There’s no suggestion that Trump’s pro-life stance is unequivocally false, but it might be worth pondering by anyone who overlooks all his words and deeds on issues not involving abortion. Things like climate change, refugees and walls, race relations, treatment of women, suppressing his tax returns, ties to Russia and Ukraine to name a few.

Or, as the British newspaper The Guardian put it last November: “His own religious commitment seems questionable in the extreme but the thrice-married, porn star- and Playmate-paying, #%@#-grabbing, customer-defrauding, disability-mocking, race-baiting, Nazi-sympathizing, oft-bankrupt, impeachment-threatened president counts evangelical Christians as a key bloc of support.”

Journalists are cynical. The Guardian seems harsh, but it’s definitely not buying his Christian and pro-life stance.

While considering the validity of Trump’s pro-life position, I stumbled on an essay by Rabbi Meir Soloveichik entitled “What the Bible Taught Lincoln About America.”

The juxtaposition between Honest Abe and the Pinocchio President was delicious. The rabbi raised several interesting points; well worth tracking down via Google.

In a nutshell, Lincoln was not known as a religious man before elected president. But he found the Bible and Christian ideals gave him strength during the bloody civil war that claimed 620,000 lives. Indeed, in his day, many called Lincoln “America’s Moses” who would lead the slaves to freedom and save the country.

In speeches, Lincoln often referenced biblical passages and called America God’s “almost chosen people” in comparison to the Israelites.

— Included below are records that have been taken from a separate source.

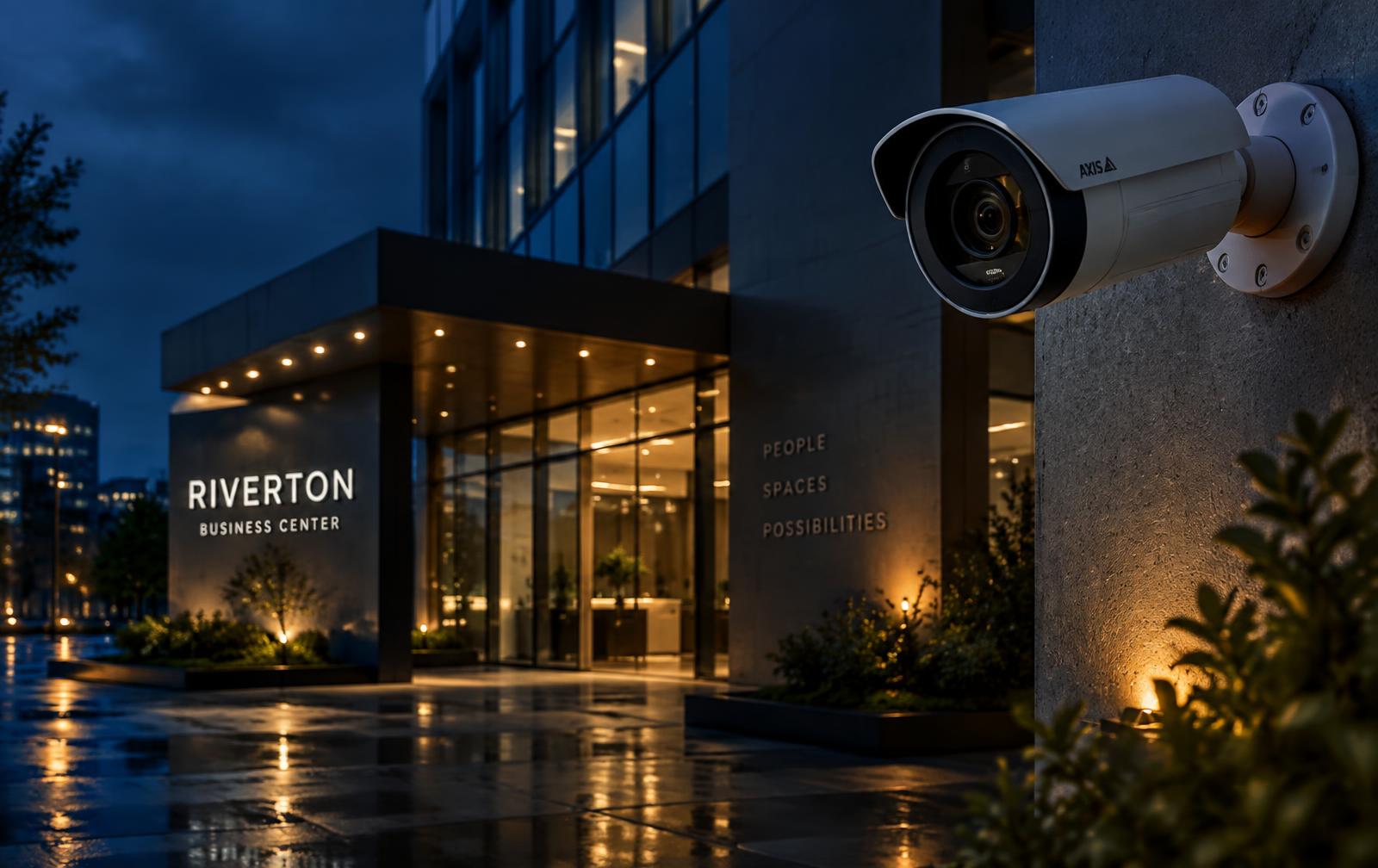 Security camera installed at a commercial building entrance at night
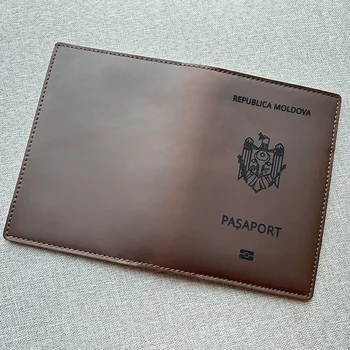 Кожени корици за паспорти на Република Молдова, персонализирана корица за паспорт на Република Молдова от естествена кожа, калъфи за паспорти - Изображение 2  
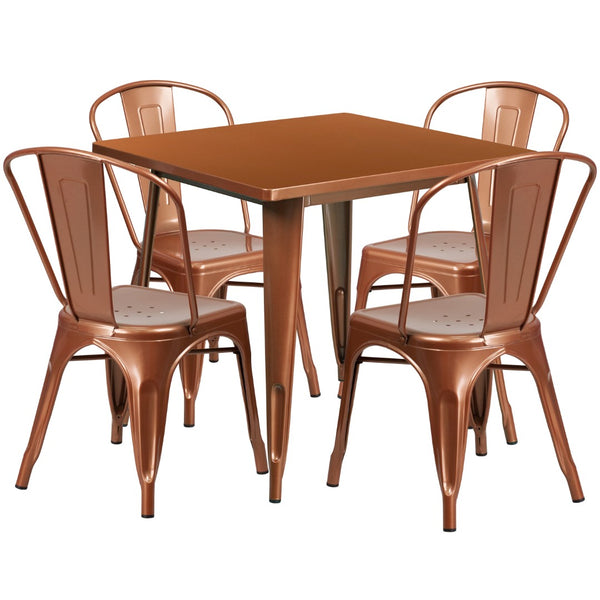 English Elm Commercial Grade Commercial Grade 31.5" Square Metal Indoor-Outdoor Table Set with 4 Stack Chairs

But in America’s case, Lincoln believed, the people would spread the ideals of freedom and equality around the world once they pulled themselves from the inferno.

“Lincoln’s description of America as an ‘almost chosen people’ remains important, not just as a key to his thought but as a warning for Americans today,” Soloveichik writes. “A chosen people is eternal, but America is an exceptional nation only if it remains ever loyal to the covenant of its founding, the ideals for which Washington fought and Lincoln died.”

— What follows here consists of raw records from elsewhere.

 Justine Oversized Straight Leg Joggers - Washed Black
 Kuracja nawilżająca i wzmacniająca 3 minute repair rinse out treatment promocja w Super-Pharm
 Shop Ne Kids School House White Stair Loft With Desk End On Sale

The irony cannot be missed that both Lincoln and Trump were not known for religious fervour before entering the White House. While Lincoln used the Bible and Christian beliefs to lead, Trump appears to use the Bible for divisiveness between social conservatives and much of the country.

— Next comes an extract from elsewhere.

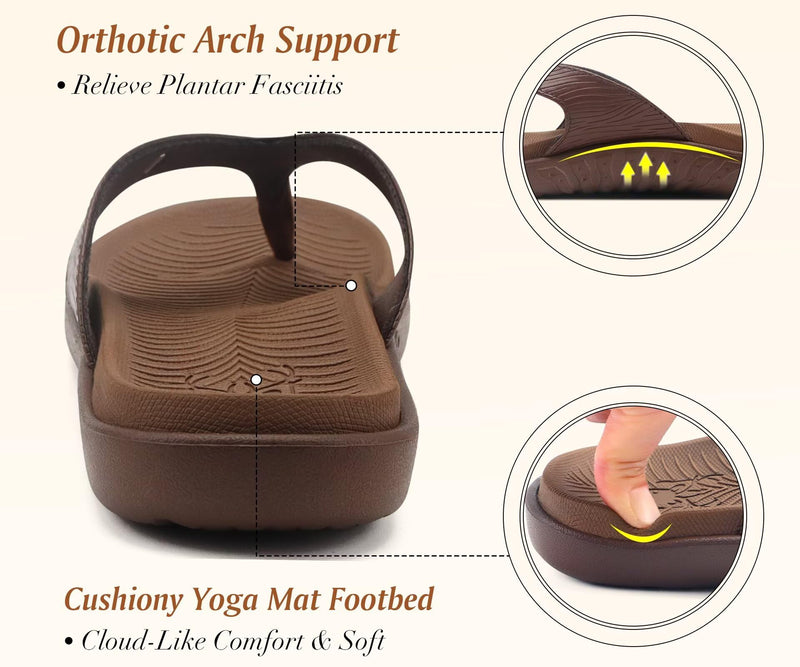 KuaiLu Women's Orthotic Arch Support Flip Flop Sandals 8.5 Brown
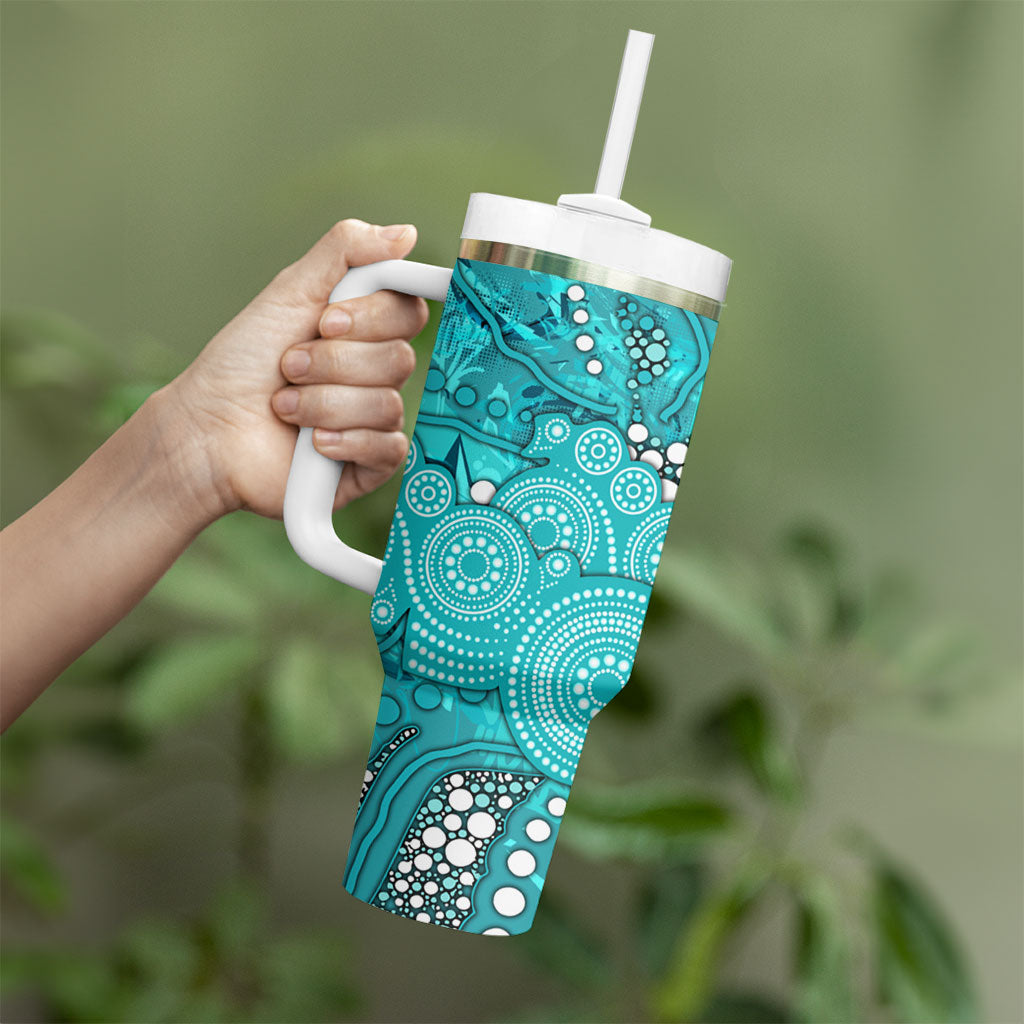 Brisbane Heat Tumbler With Handle Graffiti Urban Aboriginal Dot Abstract Design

And there is evidence that Trump has broken several of the 10 Commandments, especially number eight.

As the Catechism of the Catholic Church states in the Vatican archives: “The eighth commandment forbids misrepresenting the truth in our relations with others. This moral prescription flows from the vocation of the holy people to bear witness to their God who is the truth and wills the truth. Offenses against the truth express by word or deed a refusal to commit oneself to moral uprightness: they are fundamental infidelities to God and, in this sense, they undermine the foundations of the covenant.”

While Trump appears to align with Catholic doctrine when it comes to his pro-life stance, that one issue should not wash away everything else where he is in absolute contradiction. It even makes some wonder if he truly aligns on that issue.